Let us now apply the normal distribution to stock price returns. For all of the following histograms, I used daily return data from 2005 to 2020. Note that we will be focussing on shorter-term (daily) data in this article. The distribution for longer time periods such as monthly and yearly returns can look quite differently (more skewed and more normal). But in my opinion, the return distribution for shorter time spans is a lot more significant for retail and institutional traders alike.
This first histogram depicts SPY’s daily returns (SPY is an ETF tracking the S&P500 index). The black plot has the shape of a normal distribution with the same parameters (mean and standard deviation) as the SPY data.

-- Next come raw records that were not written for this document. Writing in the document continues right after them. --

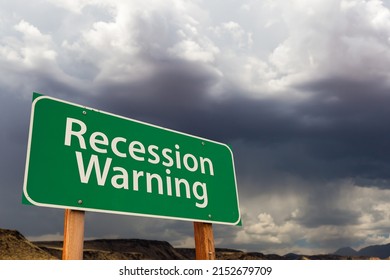 Recession Warning Green Road Sign Over Dramatic Clouds and Sky. - Shutterstock ID 2152679709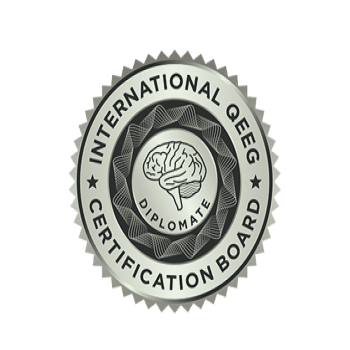 Seal with "International QEEG Certification Board" text, brain illustration, and "Diplomate" label in center.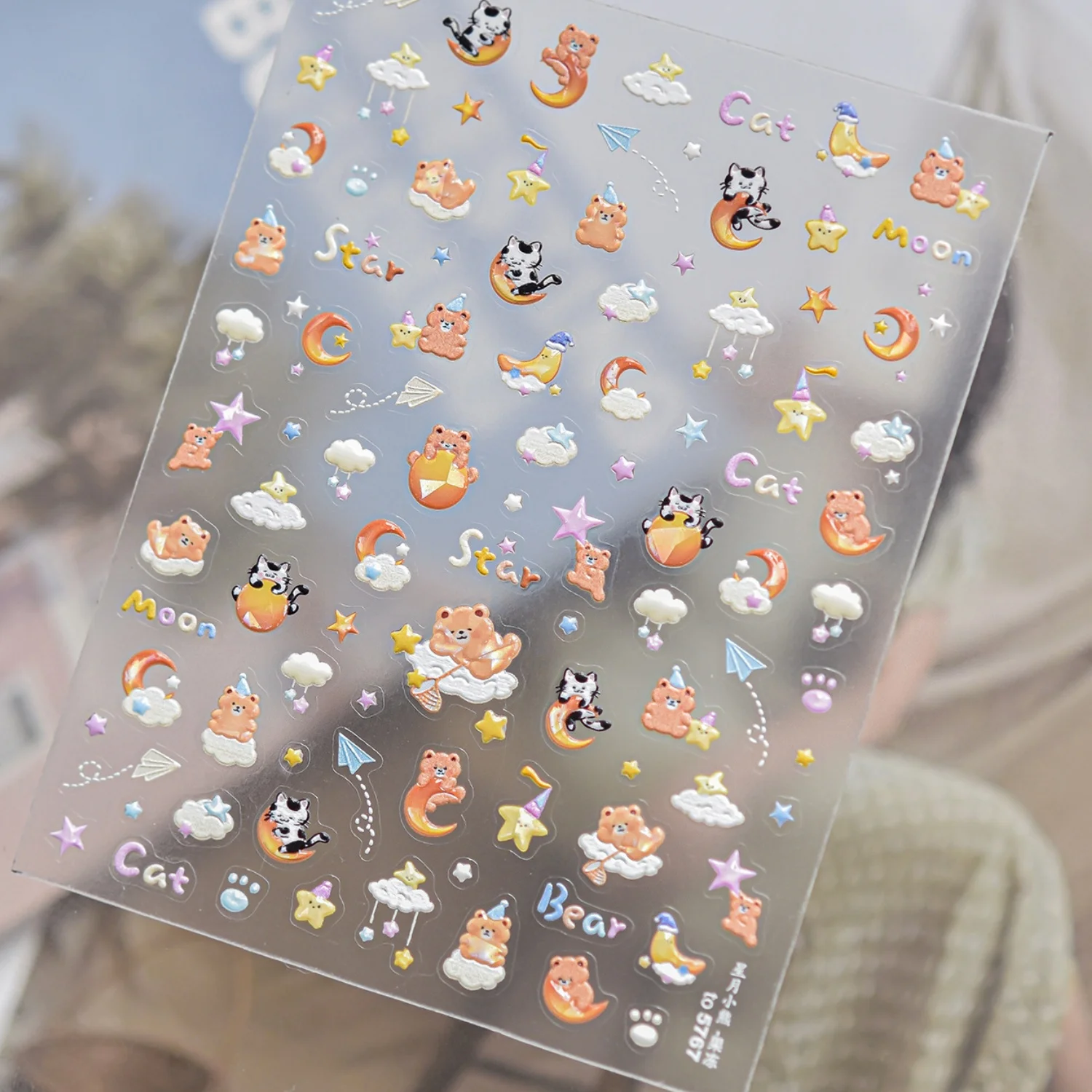 5D Cartoon Nail Stickers Cute Bear Orange Panda Cat Moon Star Cloud Paper Plane Lovely Childlike Style Self Adhesive Decals DIY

As you can see, the distribution has some sort of bell-like shape, but it is far from a perfect normal distribution! There are way too many occurrences right around the mean which is about 0. Furthermore, there are too few occurrences a little further out and too many all the way at the ends of both sides. This pattern repeats itself when you apply the normal distribution to other equities.
This does make sense as stock prices mostly tend to only move a little bit at a time. However, once in a while they move very far in a very short time span. But they don’t move moderately far at once too often.
This means that a normal distribution dramatically understates the probability of small and very big moves, whereas it overestimates the likelihood of moderately sized moves.
Especially the underestimation of big moves can be problematic in financial market models. For instance, market crashes such as the one in 2008 or 2020 are extremely unlikely according to a normal distribution. By extremely unlikely, I mean ‘once in a million + years’ unlikely! No wonder that market crashes seem so unforeseeable when such models are used to assign probability values to them.
By now, it should be clear that a normal distribution is not exactly a great model for stock returns. Nevertheless, it is the most popular choice of distribution to do exactly that. For instance, the Black Scholes Model assumes a normal distribution of stock returns. But if a normal distribution clearly doesn’t do a great job, why would you choose it over another, more accurate distribution?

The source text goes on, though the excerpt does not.